■ **Stored data**:
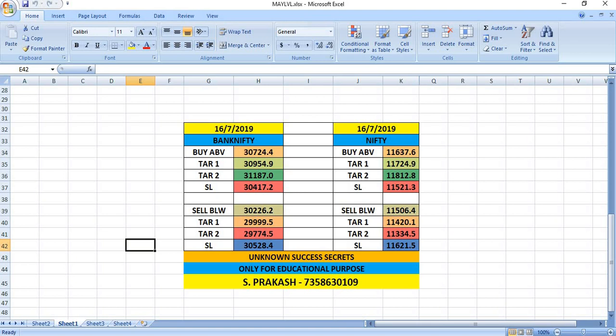Bank Nifty, you can sell below 30,226. The targets will be 29,999 and then 29,774.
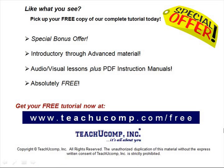Like what you see? Pick up your free copy of the complete tutorial at www.teachucomp.com/free.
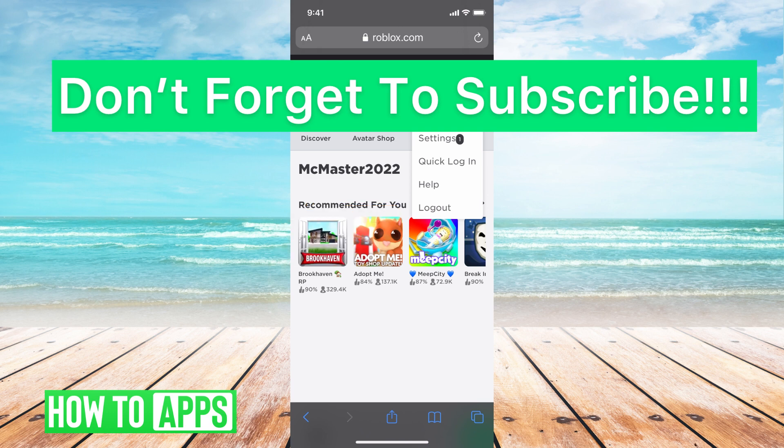If you guys have any questions on any of that, let us know in the comments below. If not, don't forget to like and don't forget to subscribe.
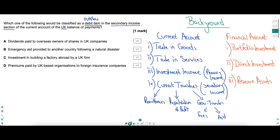The financial account has three balances: portfolio investment - the buying and selling of financial assets; direct investment - the value of investment as firms enter or leave a country; and reserve assets - reserves of gold and foreign currency. Returns on portfolio assets are investment income, recorded in the current account, not the financial account.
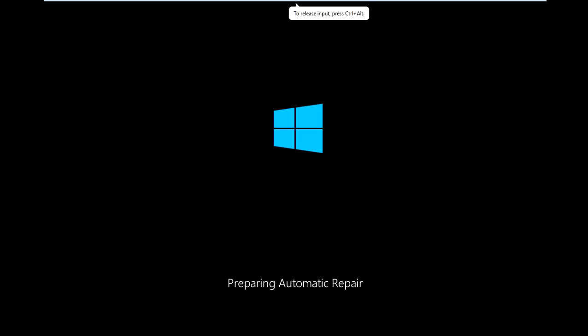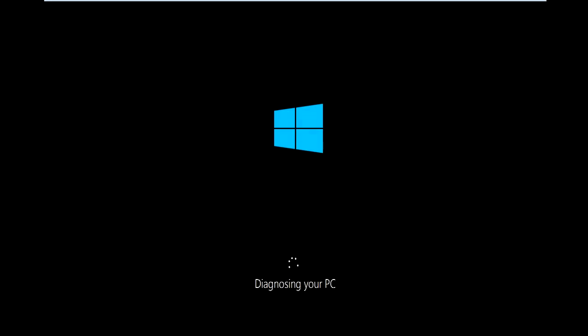What we're trying to hope for is we're hoping to get into Windows automatic repair. That's what we want to get into so we can have a chance fixing the master boot record in case the computer is not booting up. So we'll let automatic repair load up it's going to go ahead and diagnose your PC.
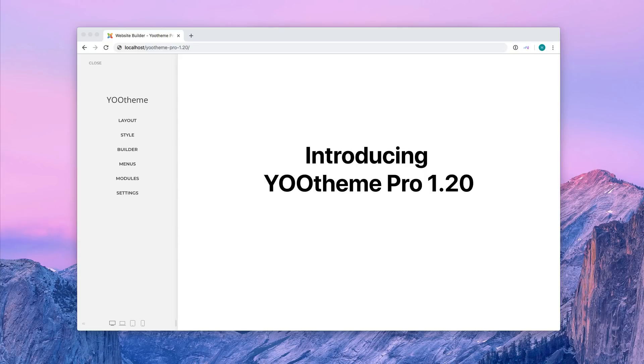Today, we're very happy to announce uTheme Pro 120. This video is a walkthrough of all the new features, so lean back and let's see what awaits you in this update.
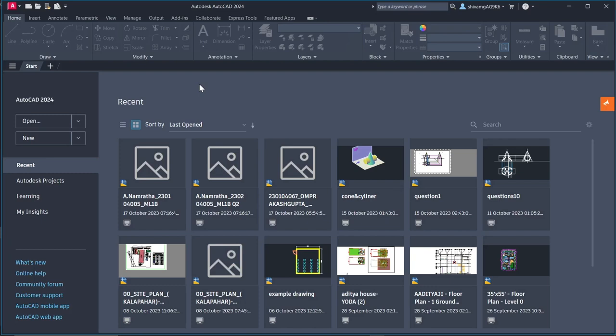Hello everyone, today we will learn about isometric projection. So it is basically presentation of 3D objects in 2D.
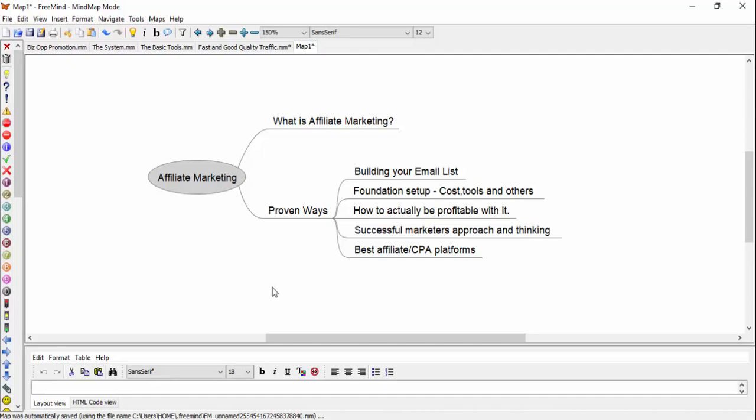I'm going to talk about the foundation setup, the costs, the tools, and all other mysteries behind it. People often ask what's the actual cost to have the tools to build that foundation for affiliate marketing, so I'm going to cover that as well.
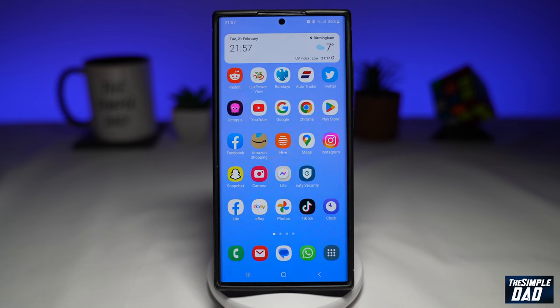Welcome to another Simple Dad Samsung tutorial. In this video, I'll show you how to convert your photos into a PDF document on the new Samsung One UI 5.1.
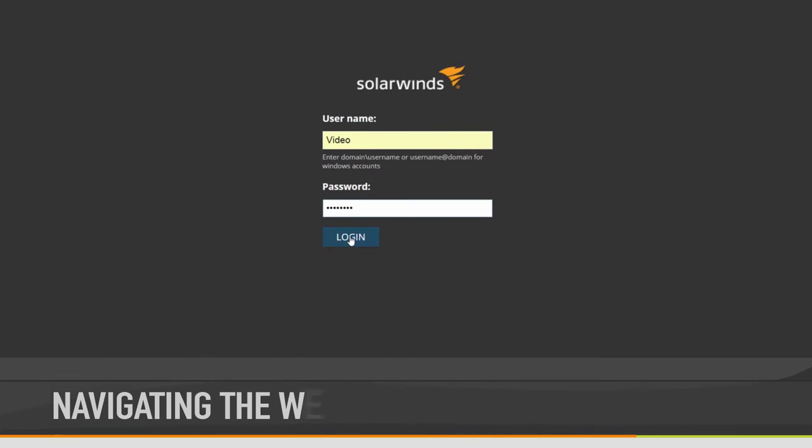In this video, we'll go over the Orion Core Platform to help you get up and running and show you how to customize your monitoring.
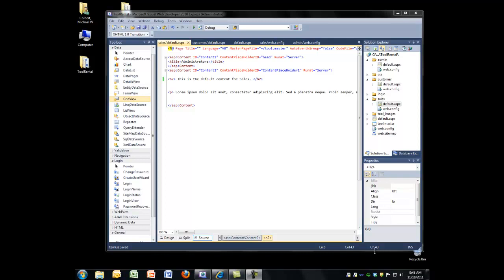So now that we've got the basic structure of the site in place, you can see I've created three distinct areas for this tool rental site. There's the admin area where they'll be able to add new salespeople, other admins, and then do the same thing that everyone in sales can do. I have a sales area where they'll be able to read the tools, add new tools, add new customers, those kinds of things. And then I have customers who'll be able to log in, see their account, see what tools they have checked out.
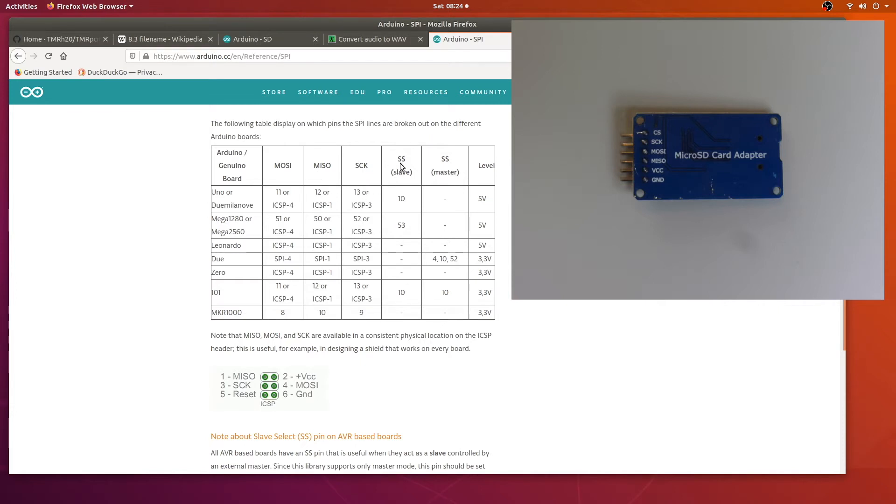And of course the software select is going to be pin 10 and these are the settings we used. So if you have a different Arduino you'll need to look up where they need to go in this chart here.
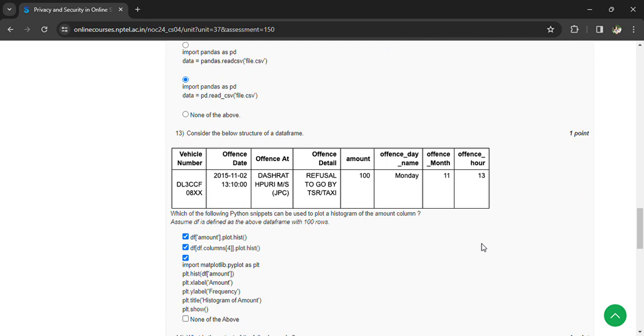Python NumPy can be used to plot a histogram of a column. So, df['amount'].plot.hist().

■ **Work instructions**:
Output the data above exactly, excluding images.

■ **Answer to the problem**:
Bank Nifty, you can sell below 30,226. The targets will be 29,999 and then 29,774.
Like what you see? Pick up your free copy of the complete tutorial at www.teachucomp.com/free.
If you guys have any questions on any of that, let us know in the comments below. If not, don't forget to like and don't forget to subscribe.
The financial account has three balances: portfolio investment - the buying and selling of financial assets; direct investment - the value of investment as firms enter or leave a country; and reserve assets - reserves of gold and foreign currency. Returns on portfolio assets are investment income, recorded in the current account, not the financial account.
What we're trying to hope for is we're hoping to get into Windows automatic repair. That's what we want to get into so we can have a chance fixing the master boot record in case the computer is not booting up. So we'll let automatic repair load up it's going to go ahead and diagnose your PC.
Today, we're very happy to announce uTheme Pro 120. This video is a walkthrough of all the new features, so lean back and let's see what awaits you in this update.
Hello everyone, today we will learn about isometric projection. So it is basically presentation of 3D objects in 2D.
I'm going to talk about the foundation setup, the costs, the tools, and all other mysteries behind it. People often ask what's the actual cost to have the tools to build that foundation for affiliate marketing, so I'm going to cover that as well.
Welcome to another Simple Dad Samsung tutorial. In this video, I'll show you how to convert your photos into a PDF document on the new Samsung One UI 5.1.
In this video, we'll go over the Orion Core Platform to help you get up and running and show you how to customize your monitoring.
So now that we've got the basic structure of the site in place, you can see I've created three distinct areas for this tool rental site. There's the admin area where they'll be able to add new salespeople, other admins, and then do the same thing that everyone in sales can do. I have a sales area where they'll be able to read the tools, add new tools, add new customers, those kinds of things. And then I have customers who'll be able to log in, see their account, see what tools they have checked out.
And of course the software select is going to be pin 10 and these are the settings we used. So if you have a different Arduino you'll need to look up where they need to go in this chart here.
Python NumPy can be used to plot a histogram of a column. So, df['amount'].plot.hist().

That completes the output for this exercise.